ひとつの敷地内に高齢者がいて、子どもがいて、障がい者がいてというのもいいです。また、障害を持った子が就労する場としてオークルの他に、この共生型施設がそのような場になればいいなと思っています。

保健福祉課長
今構想している共生型施設(コミュニティハウス)は、社協実施主体で、障害をお持ちの方高齢者の方子どもの方が集まることができるものだと思います。
柏の里で全てのサービスを提供するのではなくても、他のサービスを利用するなどして、すみわけを考えてもいいと思っています。

町長
中央保育所跡には、今年度、社会福祉協議会が居宅介護施設を作りました。ここも社会福祉法人ですから、理事会で決定事項を決めて実施しました。

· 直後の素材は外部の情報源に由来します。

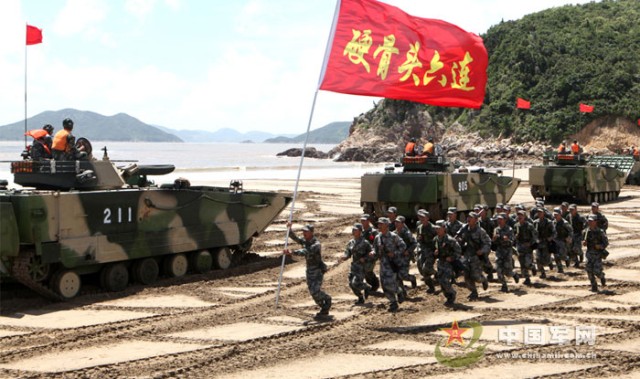  阿德耶米长途奔袭入选周最佳进球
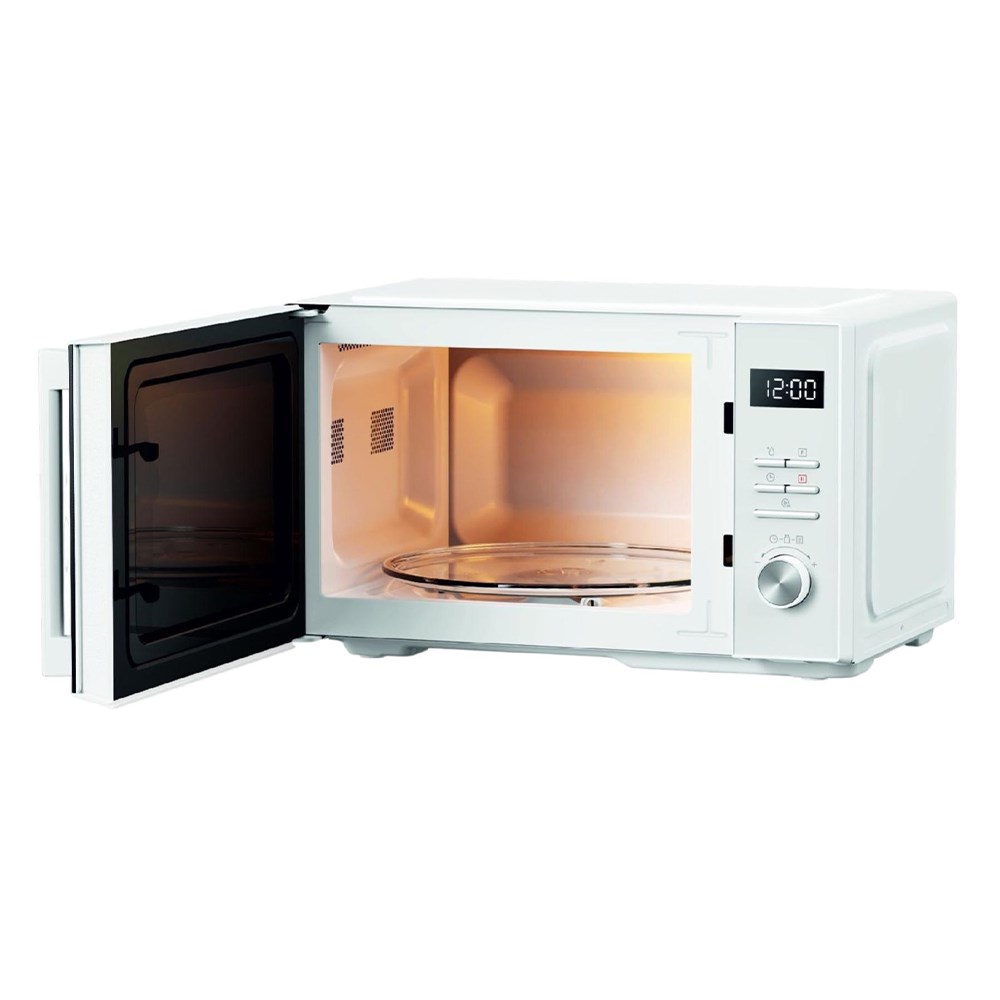 Mikrohullamu_suto_HOME_HGMH25GR_25_liter_1000W_fekete-i2746255.jpg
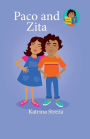 Paco and Zita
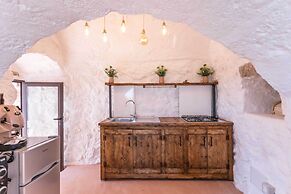 I trulli di Emma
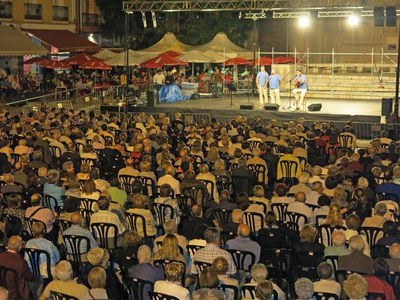 <bound method DexterityContent.Title of <NewsItem at /fs-paeria/paeria/ca/actualitat/noticies/21156>>.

平成23年度には、町がその隣に子どもセンターを建設します。子どもセンターは学童の施設と児童館機能を併せた施設です。
そしてこれらの施設の間に、社協主体でコミュニティハウスを作ります。ここには地域の方がみんな遊びに来てもらえる施設です。
それらの施設がつながって、人の交流ができるゾーンになると思っています。